A quick example: Not long ago I was preparing to speak at a church and had my always handy coffee cup with me. Without any thought, I sat it down on the pulpit while I was reviewing my sermon notes. This church had more than a lectern or podium. It was truly the “sacred desk.”
A person came up to me and said, “I would appreciate it if you removed your cup. This furniture is sacred.” I complied but then added, “Yes, it is ‘sacred,’ but do you know why? Because it has been designated so by a church committee, not by God. God’s holiness is not violated by a Styrofoam cup” (I didn’t mean to be snarky, but I don’t think this person became a fan).

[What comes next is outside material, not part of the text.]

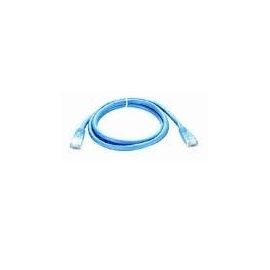 D-Link Cat6 UTP 24 1m AWG PVC Round Patch Cord - Blue Colour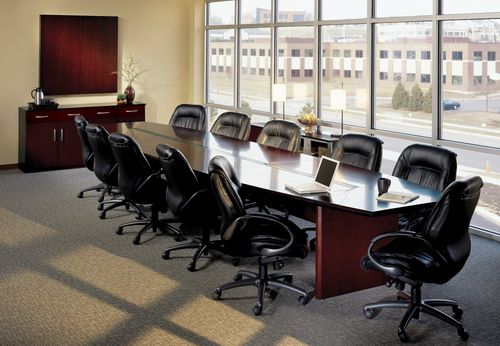 Corsica Executive Conference Room Package in Mahogany - Mayline Office Furniture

And a second example: During one of my pastorates we moved from a shabby little storefront building to a beautiful, magnificent sanctuary. It was an incredible upgrade with actual pews, a baptistery, a steeple, and some other sacred things. In our old location we had been picking up children in our little church van and bringing them to worship. These little people were tornadoes. Turned loose in an empty room, they would find something to destroy. When we moved to our new building we kept picking up these children, but I knew it would not last.
During our first week of Vacation Bible School in the new building one of the church mothers retrieved me from my office. She was enraged. “I need you to come with me right now!” she said. She took me to a hallway, pointed at the wall, and asked, “What are we going to do about that?”

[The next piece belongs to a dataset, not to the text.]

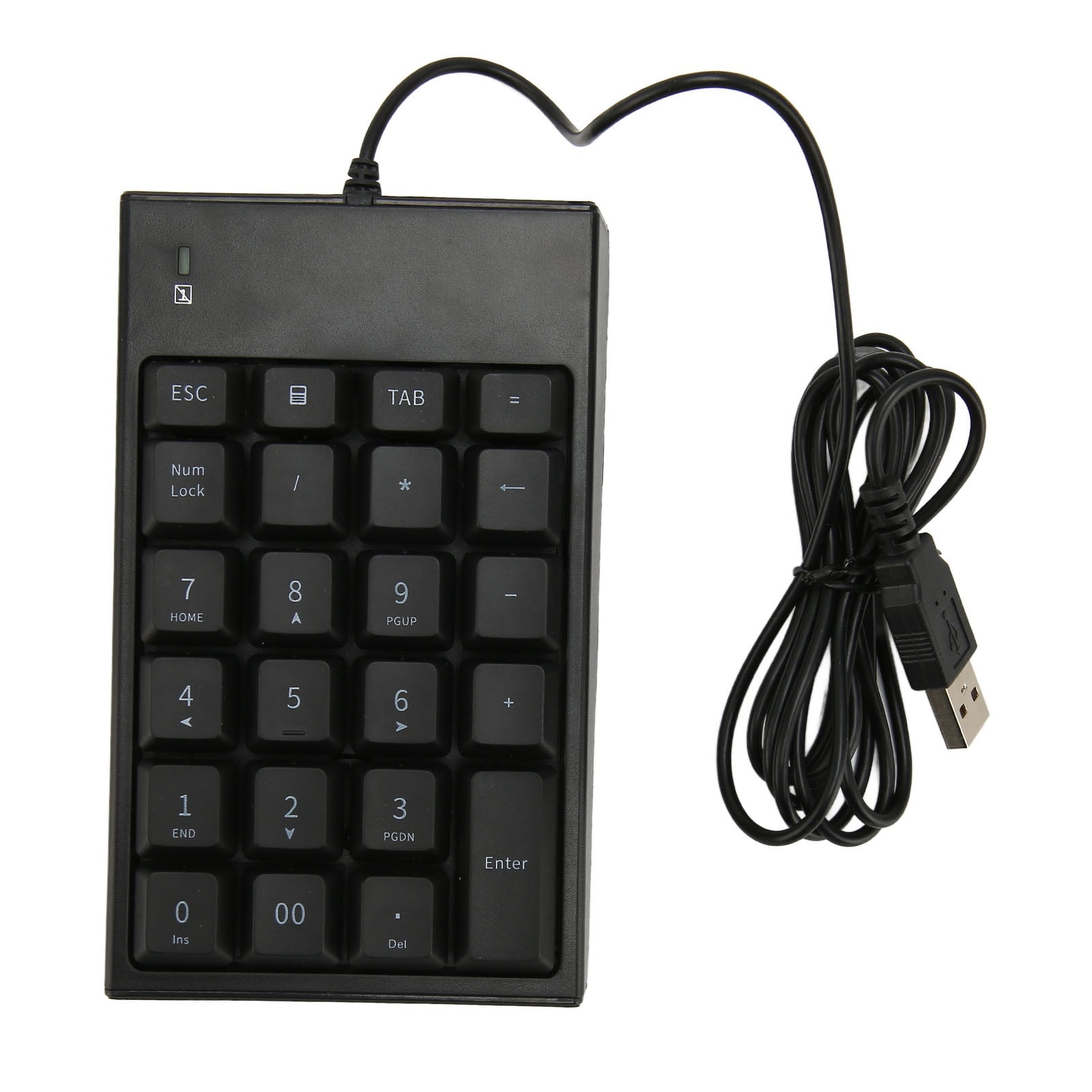 Wired Number Pad 23 Keys 5.9ft Cable USB Plug and Play Quiet Typing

Two and a half feet above the floor was a swatch of dirt staining the white wall. It ran down the entire length of the hallway stopping at one of the classroom doors. A classroom of these “dirty bus kids” had all run their hands down the wall as they walked to class, that’s all. But I knew then that there would be no place for them in our new space.
The sacred is the ritualistic space, community, and people-dividing behavior of human beings. The holy, however, is something completely different. Something holy is something that is “whole.” The root word is “health.” In other words, holiness is something that cannot be divided. It is something that is complete, unbroken, and intact.

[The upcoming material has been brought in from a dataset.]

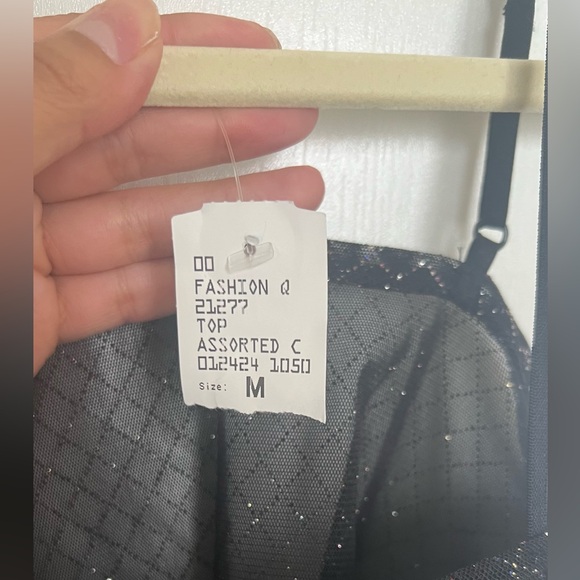 Black Mesh Top - Picture 4 of 4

Thus, holiness is not something defined by lines of segregation or by different shades of acceptance. It is defined by openness and welcome. The holy doesn’t alienate, it invites. The holy doesn’t separate, it welcomes. The holy doesn’t divide, it embraces.
Whereas what is sacred is a small restricted space that must be sheltered and guarded, the old Norse word for “holy” means “a large living room,” where people are made to feel very much at home. I pray that God makes us holy: Whole, healthy, welcoming people! But I also pray that he never allow us to become a sacred people, for when we lose our ability to be hospitable, inviting the outsider in, we have lost our unique witness in the world.